Findhorn Foundation
From Wikipedia, the free encyclopedia
| Formation | 1962 |
|---|---|
| Purpose/focus | Spirituality |
| Headquarters | Findhorn Ecovillage, Findhorn, Moray, Scotland |
| Region served | Worldwide |
| Website | Findhorn Foundation |
The Findhorn Foundation is a Scottish charitable trust registered in 1972, formed by the spiritual community at the Findhorn Ecovillage, one of the largest of the communes in Britain [1], has been home to thousands of residents from more than 40 countries [2]. The Foundation runs various educational programmes for the Findhorn community; it also houses about 40 community businesses like the Findhorn Press, and an alternative medicine centre [1][3].
Starting as commune in 1962, from a caravan park, and founded by Eileen Caddy, Peter Caddy and Dorothy Maclean, the Findhorn Foundation and surrounding Findhorn Ecovillage community at The Park, Findhorn, a village in Moray, Scotland, and at Cluny Hill College in Forres, is a home to more than 400 people [1]. The community has no formal doctrine or creed.
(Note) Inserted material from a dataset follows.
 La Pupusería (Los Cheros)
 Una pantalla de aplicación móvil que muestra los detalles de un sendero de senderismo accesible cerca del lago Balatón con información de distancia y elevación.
It also offers a range of workshops, programmes and events in the environment of a working ecovillage. The programmes are intended to give participants practical experience of how to apply spiritual values in daily life. There are approximately 3000 residential participants from around the world taking part in programmes each year.
Findhorn Ecovillage, has been awarded UN Habitat Best Practice designation from the United Nations Centre for Human Settlements (HABITAT), and regularly hold seminars of 'CIFAL Findhorn', a United Nations Institute for Training and Research (UNITAR), affiliated training centre for Northern Europe [4][5].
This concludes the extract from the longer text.